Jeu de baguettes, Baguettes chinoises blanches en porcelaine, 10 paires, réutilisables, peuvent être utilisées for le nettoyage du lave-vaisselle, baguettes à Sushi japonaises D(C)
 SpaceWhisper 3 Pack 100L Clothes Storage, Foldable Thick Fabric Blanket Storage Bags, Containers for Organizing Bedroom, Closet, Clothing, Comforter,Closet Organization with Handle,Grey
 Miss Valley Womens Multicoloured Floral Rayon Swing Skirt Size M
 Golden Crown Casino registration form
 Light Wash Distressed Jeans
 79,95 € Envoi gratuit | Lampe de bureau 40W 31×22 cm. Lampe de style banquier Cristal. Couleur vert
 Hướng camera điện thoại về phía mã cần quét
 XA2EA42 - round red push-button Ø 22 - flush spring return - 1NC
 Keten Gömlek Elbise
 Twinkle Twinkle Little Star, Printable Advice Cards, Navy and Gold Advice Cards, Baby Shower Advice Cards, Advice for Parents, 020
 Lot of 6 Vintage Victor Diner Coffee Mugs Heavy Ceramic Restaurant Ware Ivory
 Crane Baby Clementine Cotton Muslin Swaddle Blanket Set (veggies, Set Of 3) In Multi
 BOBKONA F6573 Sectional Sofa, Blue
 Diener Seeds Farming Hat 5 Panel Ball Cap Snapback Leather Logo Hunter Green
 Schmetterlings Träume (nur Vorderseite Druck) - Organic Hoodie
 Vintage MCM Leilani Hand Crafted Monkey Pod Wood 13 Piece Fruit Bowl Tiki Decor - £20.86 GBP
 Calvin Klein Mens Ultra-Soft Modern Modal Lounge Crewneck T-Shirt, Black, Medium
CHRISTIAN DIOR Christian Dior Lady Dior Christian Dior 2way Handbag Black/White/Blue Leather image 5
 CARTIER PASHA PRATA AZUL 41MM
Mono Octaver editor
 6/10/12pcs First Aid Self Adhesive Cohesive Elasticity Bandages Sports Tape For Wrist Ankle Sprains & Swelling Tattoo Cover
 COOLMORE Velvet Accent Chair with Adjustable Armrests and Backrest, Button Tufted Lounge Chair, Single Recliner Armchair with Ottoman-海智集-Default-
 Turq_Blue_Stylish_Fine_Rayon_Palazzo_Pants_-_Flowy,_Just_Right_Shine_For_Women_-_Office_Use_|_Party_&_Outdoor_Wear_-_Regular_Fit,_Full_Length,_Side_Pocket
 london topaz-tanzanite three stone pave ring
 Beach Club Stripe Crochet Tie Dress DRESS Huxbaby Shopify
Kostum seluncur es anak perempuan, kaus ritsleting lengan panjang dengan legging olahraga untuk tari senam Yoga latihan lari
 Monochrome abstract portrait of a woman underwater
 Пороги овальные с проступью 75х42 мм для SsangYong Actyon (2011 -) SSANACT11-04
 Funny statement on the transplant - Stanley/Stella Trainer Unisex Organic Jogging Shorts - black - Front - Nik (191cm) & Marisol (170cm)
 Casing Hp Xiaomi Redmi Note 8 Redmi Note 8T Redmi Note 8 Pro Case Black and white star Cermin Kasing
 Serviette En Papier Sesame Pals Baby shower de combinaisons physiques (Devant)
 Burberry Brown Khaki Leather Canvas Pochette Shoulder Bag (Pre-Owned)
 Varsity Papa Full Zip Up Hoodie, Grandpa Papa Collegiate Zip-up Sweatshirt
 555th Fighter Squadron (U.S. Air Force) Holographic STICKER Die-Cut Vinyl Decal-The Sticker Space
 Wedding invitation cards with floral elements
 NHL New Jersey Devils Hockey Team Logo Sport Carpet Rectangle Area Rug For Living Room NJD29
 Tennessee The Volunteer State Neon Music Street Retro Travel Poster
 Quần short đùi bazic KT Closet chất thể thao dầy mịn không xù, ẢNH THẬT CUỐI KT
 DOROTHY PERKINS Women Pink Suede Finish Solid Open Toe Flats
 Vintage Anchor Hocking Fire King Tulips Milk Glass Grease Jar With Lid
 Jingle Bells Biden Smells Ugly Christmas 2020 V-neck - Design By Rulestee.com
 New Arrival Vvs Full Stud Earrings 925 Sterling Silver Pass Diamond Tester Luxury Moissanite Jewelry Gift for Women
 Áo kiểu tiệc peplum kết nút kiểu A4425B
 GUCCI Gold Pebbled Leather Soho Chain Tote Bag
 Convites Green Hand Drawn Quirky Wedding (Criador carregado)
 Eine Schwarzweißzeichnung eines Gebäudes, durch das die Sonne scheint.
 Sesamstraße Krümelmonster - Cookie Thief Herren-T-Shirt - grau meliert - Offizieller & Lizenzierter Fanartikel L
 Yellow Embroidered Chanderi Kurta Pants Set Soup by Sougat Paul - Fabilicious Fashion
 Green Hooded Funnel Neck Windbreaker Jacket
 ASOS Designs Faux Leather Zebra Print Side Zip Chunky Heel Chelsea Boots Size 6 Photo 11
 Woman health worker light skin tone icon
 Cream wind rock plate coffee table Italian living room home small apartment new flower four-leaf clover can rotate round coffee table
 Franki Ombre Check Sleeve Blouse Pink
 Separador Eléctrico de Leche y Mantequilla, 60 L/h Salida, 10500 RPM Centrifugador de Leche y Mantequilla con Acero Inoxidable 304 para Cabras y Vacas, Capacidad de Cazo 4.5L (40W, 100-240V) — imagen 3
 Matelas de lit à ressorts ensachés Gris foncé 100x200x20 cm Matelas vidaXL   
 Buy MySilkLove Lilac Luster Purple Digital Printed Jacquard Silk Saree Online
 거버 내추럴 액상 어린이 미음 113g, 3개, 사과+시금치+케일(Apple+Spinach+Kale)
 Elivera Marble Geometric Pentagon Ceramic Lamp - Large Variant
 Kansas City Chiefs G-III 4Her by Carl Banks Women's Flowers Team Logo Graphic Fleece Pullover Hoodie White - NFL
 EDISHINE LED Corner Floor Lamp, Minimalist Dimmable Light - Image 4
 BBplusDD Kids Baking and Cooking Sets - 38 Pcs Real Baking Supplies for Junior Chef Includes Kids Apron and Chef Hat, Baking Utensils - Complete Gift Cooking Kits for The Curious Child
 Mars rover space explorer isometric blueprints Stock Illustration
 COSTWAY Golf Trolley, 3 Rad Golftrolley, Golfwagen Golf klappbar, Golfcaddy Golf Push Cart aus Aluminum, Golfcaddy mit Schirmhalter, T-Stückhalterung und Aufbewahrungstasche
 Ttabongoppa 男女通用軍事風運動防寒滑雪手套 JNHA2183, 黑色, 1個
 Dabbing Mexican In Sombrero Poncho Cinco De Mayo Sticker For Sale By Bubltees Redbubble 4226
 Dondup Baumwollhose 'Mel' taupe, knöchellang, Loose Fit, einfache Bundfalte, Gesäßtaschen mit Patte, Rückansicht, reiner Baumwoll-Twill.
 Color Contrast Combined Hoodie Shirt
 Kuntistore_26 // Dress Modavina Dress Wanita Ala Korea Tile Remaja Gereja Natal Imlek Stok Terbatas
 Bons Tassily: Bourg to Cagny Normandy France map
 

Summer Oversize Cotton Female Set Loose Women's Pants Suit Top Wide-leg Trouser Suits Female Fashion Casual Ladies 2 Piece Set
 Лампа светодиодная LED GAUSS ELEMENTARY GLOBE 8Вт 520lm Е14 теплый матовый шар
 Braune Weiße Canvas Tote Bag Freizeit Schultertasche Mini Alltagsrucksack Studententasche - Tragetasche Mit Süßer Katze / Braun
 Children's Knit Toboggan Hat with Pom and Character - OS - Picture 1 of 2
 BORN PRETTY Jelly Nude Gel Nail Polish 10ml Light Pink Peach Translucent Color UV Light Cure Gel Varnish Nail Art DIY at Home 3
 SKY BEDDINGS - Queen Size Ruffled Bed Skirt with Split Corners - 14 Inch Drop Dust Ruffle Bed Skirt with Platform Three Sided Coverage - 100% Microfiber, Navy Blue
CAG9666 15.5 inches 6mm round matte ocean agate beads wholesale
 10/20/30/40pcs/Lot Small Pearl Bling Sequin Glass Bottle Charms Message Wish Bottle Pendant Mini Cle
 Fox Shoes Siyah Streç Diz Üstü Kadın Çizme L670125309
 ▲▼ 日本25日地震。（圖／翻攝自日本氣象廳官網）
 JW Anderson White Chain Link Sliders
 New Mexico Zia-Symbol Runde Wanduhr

» **Activity**
Within the listing above, give again exactly every line from the line with "Wedding invitation cards" through the line with "Vintage Anchor Hocking", both included, and no other line.

» **Expected answer**
 Wedding invitation cards with floral elements
 NHL New Jersey Devils Hockey Team Logo Sport Carpet Rectangle Area Rug For Living Room NJD29
 Tennessee The Volunteer State Neon Music Street Retro Travel Poster
 Quần short đùi bazic KT Closet chất thể thao dầy mịn không xù, ẢNH THẬT CUỐI KT
 DOROTHY PERKINS Women Pink Suede Finish Solid Open Toe Flats
 Vintage Anchor Hocking Fire King Tulips Milk Glass Grease Jar With Lid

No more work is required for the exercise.